Suppose we have a quantum circuit like this. All the gates are known except for one. For any input of q[0] and q[1], we know the corresponding output. I have provided the output state for four different input state which forms a basis .
How can we know that which gate is the unknown gate?
How to solve these types of problems?
The effect of a circuit can be explained by matrix-vector multiplications.
If you start with a state $\vec{q}$ and if the gates in your figure are represented by the matrices $A$, $B$, and $U$ (where $U$ is the unknown), then the output will be given by $\vec{q_f} = ABU\vec{q}$.
The $AB$ factor can be replaced by a single matrix called $C$, and with symbolic computation (a.k.a computer algebra) you can combine $U$ and $C$ too.

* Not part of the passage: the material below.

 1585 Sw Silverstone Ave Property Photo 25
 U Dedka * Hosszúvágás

Let's try this, assuming that your "controlled note" get is just what others usually call "controlled not" or CNOT. Then we have:
$$ A = \begin{bmatrix} 1 & 0 & 0 & 0 \\ 0 & 1 & 0 & 0 \\ 0 & 0 & 0 & 1 \\ 0 & 0 & 1 & 0 \end{bmatrix},\tag{1} $$
$$ B = \begin{bmatrix} 0 & 1 & 0 & 0 \\ 1 & 0 & 0 & 0 \\ 0 & 0 & 0 & 1 \\ 0 & 0 & 1 & 0 \end{bmatrix},\tag{2} $$
$$ U = \begin{bmatrix} a & b & c & d \\ e & f & g & h \\ i & j & k & l \\ m & n & o & p \end{bmatrix},\tag{3} $$
$$ \vec{q} = \begin{bmatrix} 0 \\ 1 \\ 0 \\ 0 \end{bmatrix},\tag{4} $$
and
$$ \vec{q}_f = \begin{bmatrix} 1 \\ 0 \\ 0 \\ 0 \end{bmatrix}.\tag{5} $$
This would mean that we have:
$$\tag{6} \begin{bmatrix} 1 \\ 0 \\ 0 \\ 0 \end{bmatrix} = \begin{bmatrix} 1 & 0 & 0 & 0 \\ 0 & 1 & 0 & 0 \\ 0 & 0 & 0 & 1 \\ 0 & 0 & 1 & 0 \end{bmatrix} \begin{bmatrix} 0 & 1 & 0 & 0 \\ 1 & 0 & 0 & 0 \\ 0 & 0 & 0 & 1 \\ 0 & 0 & 1 & 0 \end{bmatrix} \begin{bmatrix} a & b & c & d \\ e & f & g & h \\ i & j & k & l \\ m & n & o & p \end{bmatrix}\begin{bmatrix} 0 \\ 1 \\ 0 \\ 0 \end{bmatrix}, $$ $$\tag{7} \begin{bmatrix} 1 \\ 0 \\ 0 \\ 0 \end{bmatrix} = \begin{bmatrix} 0 & 1 & 0 & 0 \\ 1 & 0 & 0 & 0 \\ 0 & 0 & 1 & 0 \\ 0 & 0 & 0 & 1 \end{bmatrix} \begin{bmatrix} a & b & c & d \\ e & f & g & h \\ i & j & k & l \\ m & n & o & p \end{bmatrix}\begin{bmatrix} 0 \\ 1 \\ 0 \\ 0 \end{bmatrix}, $$
$$ \begin{bmatrix} 1 \\ 0 \\ 0 \\ 0 \end{bmatrix} = \begin{bmatrix} f \\ b \\ j \\ n \end{bmatrix}.\tag{8} $$
You now have found 4 out of 16 unknown variables. You can do the same for the other 3 scenarios to get the other 4x3 = 12 unkown variables. You can use this matrix-vector multplier to make the computations easier.